The P60 is a statement issued to employees after the end of each tax year that shows the amount of tax they have paid on their salary. Employers can provide the P60 form on paper or electronically. Employees should ensure they keep their P60s in a safe place as it is an important record of the amount of their earnings and tax paid.
In addition, a P60 is required in order that an employee can prove how much tax they have paid on their salary. For example:
- to claim back overpaid tax;
- to apply for tax credits; and
- as proof of your income if you apply for a loan or a mortgage.
Employees who have left their employment during the tax year do not receive a P60 from their employer, as the same information will be on their P45.
The deadline for reporting any Class 1A National Insurance contributions and submitting P11D and P11FD(b) forms to HMRC for the tax year ending 5 April 2024 is 6 July 2024.
Full expensing of capital purchases
A reminder to readers that the full expensing 100% first-year capital allowance for qualifying plant and machinery assets came into effect last April. To qualify for full expensing, expenditure must be incurred on the provision of “main rate” plant or machinery. Full expensing is only available to companies subject to Corporation Tax.
Plant and machinery that may qualify for full expensing includes (but is not limited to):
- machines such as computers, printers, lathes and planers;
- office equipment such as desks and chairs;
- vehicles such as vans, lorries and tractors (but not cars);
- warehousing equipment such as forklift trucks, pallet trucks, shelving and stackers;
- tools such as ladders and drills;
- construction equipment such as excavators, compactors, and bulldozers; and
- some fixtures such as kitchen and bathroom fittings and fire alarm systems in non-residential property.

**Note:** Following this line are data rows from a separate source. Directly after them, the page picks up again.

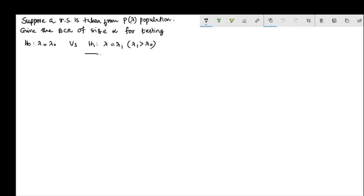In the third video, we will discuss the Neyman-Pearson theorem — specifically, the Neyman-Pearson theorem using the best critical region for testing a simple null hypothesis against a simple alternative hypothesis.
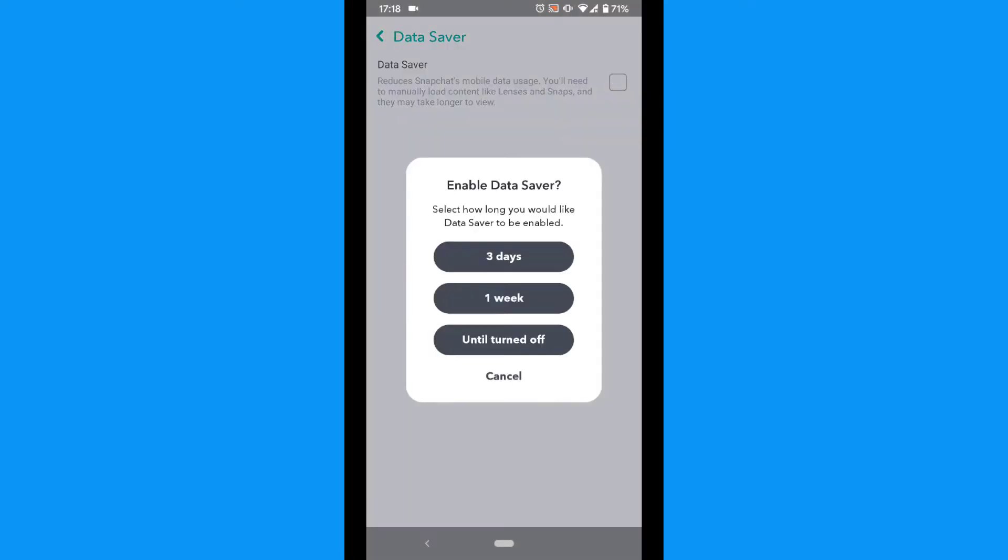You will have three options: three days, one week, and until turned off. Choose one of the three options.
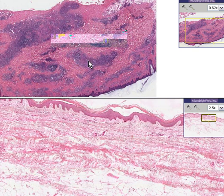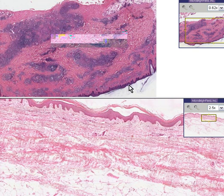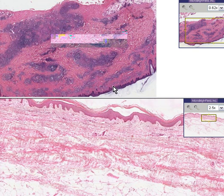Here on top is the case in question. We could see a little bit of a stratum corneum, an epidermis, epidermal pegs and papillary dermis.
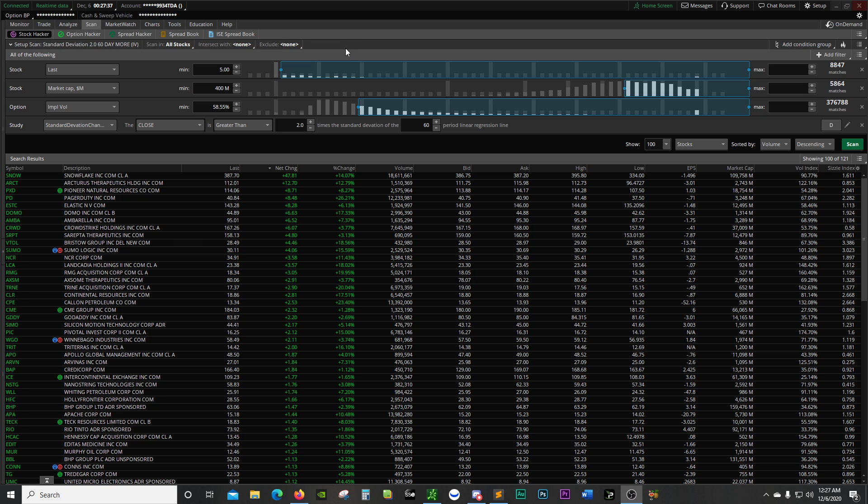Hey guys, welcome back to the channel. I'm going to go over the Thinkorswim scanner, specifically standard deviation channel scans. What you see here is a handful of the filters that I've put into place to find some of the things I'm looking for.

When the full expensing rules were first announced, the relief was set to apply until 31 March 2026. The Autumn Statement 2023 extended this deadline and announced that full expensing would be made permanent. Legislation will be introduced to remove the 2026 end date.

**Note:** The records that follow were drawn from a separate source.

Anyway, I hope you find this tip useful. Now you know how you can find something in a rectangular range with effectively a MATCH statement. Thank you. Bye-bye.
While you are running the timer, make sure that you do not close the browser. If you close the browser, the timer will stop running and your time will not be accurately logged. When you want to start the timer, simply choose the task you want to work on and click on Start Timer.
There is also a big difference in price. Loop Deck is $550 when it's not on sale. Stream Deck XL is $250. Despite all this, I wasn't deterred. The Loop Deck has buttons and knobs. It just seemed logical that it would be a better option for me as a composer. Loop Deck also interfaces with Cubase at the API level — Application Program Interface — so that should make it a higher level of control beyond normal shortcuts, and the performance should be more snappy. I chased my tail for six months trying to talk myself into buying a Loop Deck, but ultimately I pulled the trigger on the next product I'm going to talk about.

Under full expensing, for every pound a company invests, their taxes will be cut by up to 25p. For “special rate” expenditure, which does not qualify for full expensing, a 50% first-year allowance (FYA) can currently be claimed instead.

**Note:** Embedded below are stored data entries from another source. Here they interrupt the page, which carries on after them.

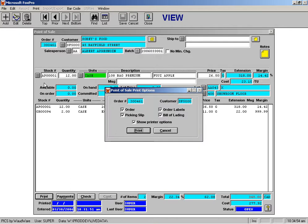You'll get this little screen forward, which shows you that you can actually print an order, a picking slip, order labels, or a bill of lading, or any combination thereof.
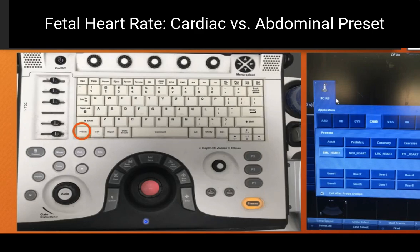I will use the Logiq E point-of-care ultrasound machine. In your practice, you may have a different machine, but the majority of modern machines will have different presets that will allow you to get the fetal heart rate by using M-mode.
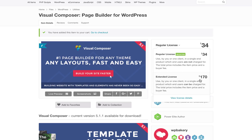Overall, Visual Composer has come a long way since it first hit the market, but it's definitely not a scratch on more recent, more modern page builders like Elementor, Divi Content Builder, and even Divi Builder in my opinion. So that's a quick overview of Visual Composer — I hope you enjoyed this video and I will see you on the next one.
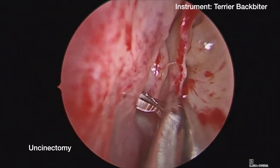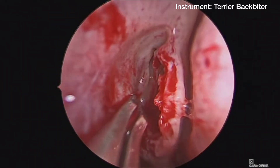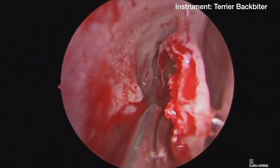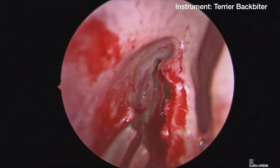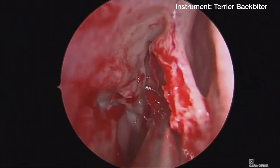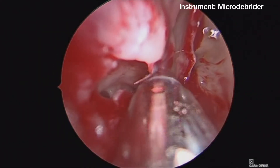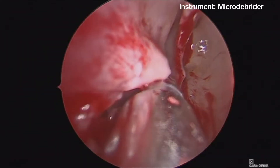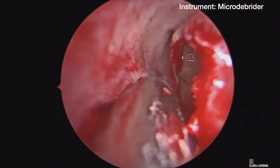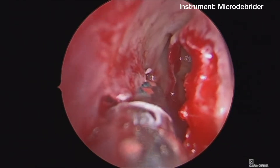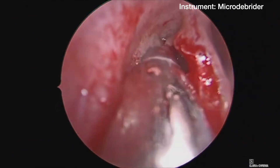Uncinectomy is then performed. This is initiated with a pediatric arterial backbiter and taken anteriorly toward the maxillary line. The maxillary sinus natural os is then appreciated. Since there was no sinus disease in the maxillary sinus, no antrostomy was performed in this case. The uncinectomy was completed with the microdebrider.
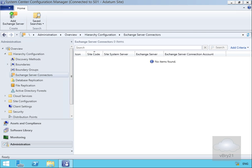In this demonstration we look at configuring the Exchange Server Connector within System Center Configuration Manager. This will allow us to manage our ActiveSync devices via Config Manager rather than managing them through our Exchange Admin Center.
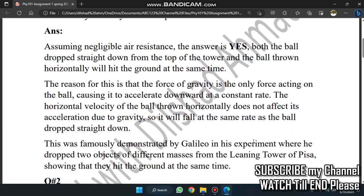If we put the air resistance to negligible, it is true that whether the ball is dropped vertically or thrown horizontally, it will land at the same time. The reason is that when placed on top of the tower, the force of gravity acts downward at the same rate regardless of horizontal motion. So the force of gravity will cause the ball to land at the same rate as the ball dropped straight down.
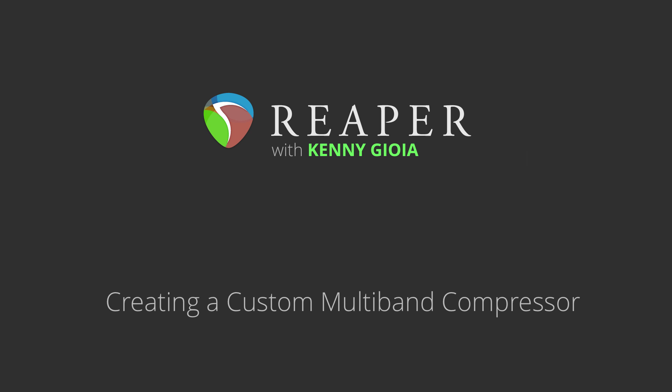Hi, I'm Kenny Gioia. Welcome to another one of my tutorials. In this video, I'm going to show you how to create a custom multiband compressor in Reaper.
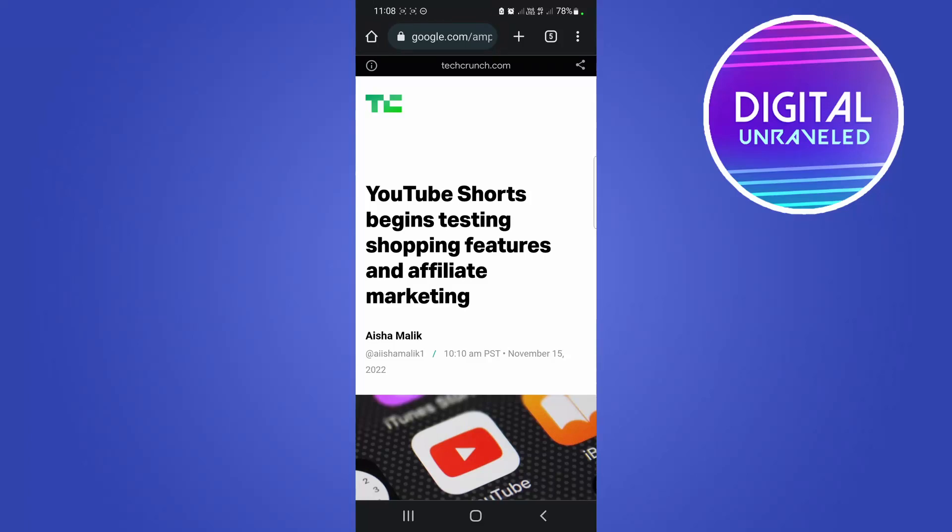Yo what is up guys, welcome back to the channel. In this quick and short video, I'm going to be explaining what is the new shopping feature that you may have seen on YouTube Shorts. So as this article...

Businesses can also continue to use the Annual Investment Allowance (AIA) to claim a 100% tax deduction on qualifying expenditure on plant and machinery of up to £1m per year. This includes unincorporated businesses and most partnerships.
Bed and breakfast share sales
The term bed and breakfasting (sale and repurchase) of shares refers to transactions where shares are sold and bought back the next morning. This used to have Capital Gains Tax (CGT) benefits by crystallising a gain or a loss but is no longer tax effective over such a short period. The change to the rule happened in 1998 when new legislation introduced special share matching rules. Under these rules there are a number of limitations including a 30-day waiting period before the shares can be repurchased.
However, it is possible under certain circumstances to use a modified bed and breakfasting type of arrangement to sell an asset and buy it back again a short time later. A gain could be created in order to use up the annual exempt amount, or a non-resident may bed and breakfast their chargeable assets to establish a higher base cost before they enter the UK tax regime.
We would recommend you seek our advice before undertaking any such transactions to ensure that all tax aspects have been considered. For example, for any bed and breakfast transaction to be effective, there must be a genuine transfer of beneficial ownership of the asset and the share matching rules must be met.